## [Exercise goal]
The listing is to be repeated exactly, and its pictures are to be left out.

## [Collected material]
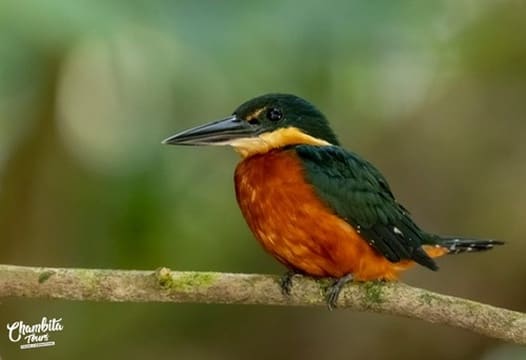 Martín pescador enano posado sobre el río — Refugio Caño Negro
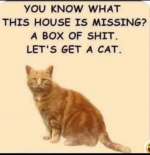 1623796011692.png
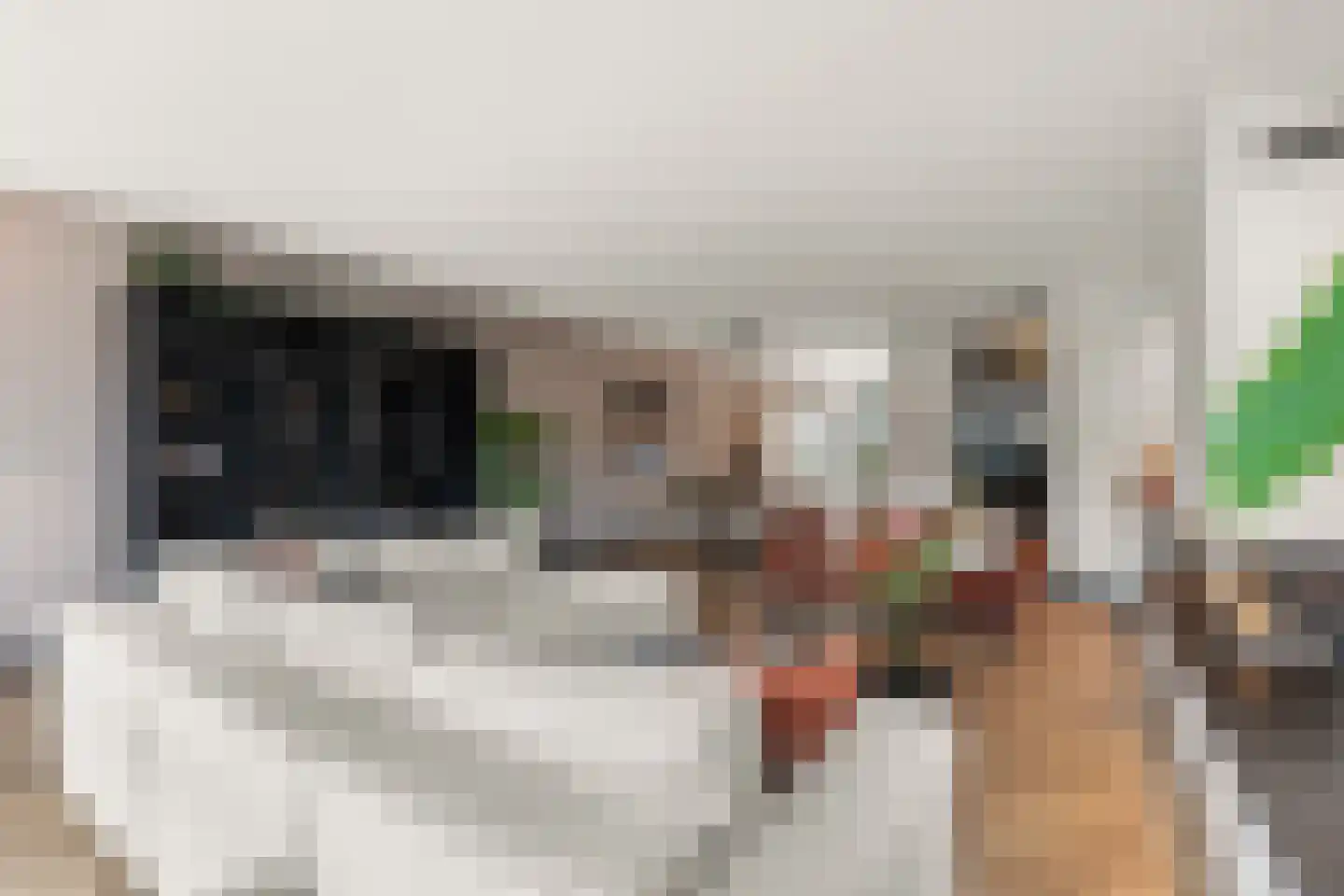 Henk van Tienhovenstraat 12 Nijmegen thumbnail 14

## [Solution to this exercise]
 Martín pescador enano posado sobre el río — Refugio Caño Negro
 1623796011692.png
 Henk van Tienhovenstraat 12 Nijmegen thumbnail 14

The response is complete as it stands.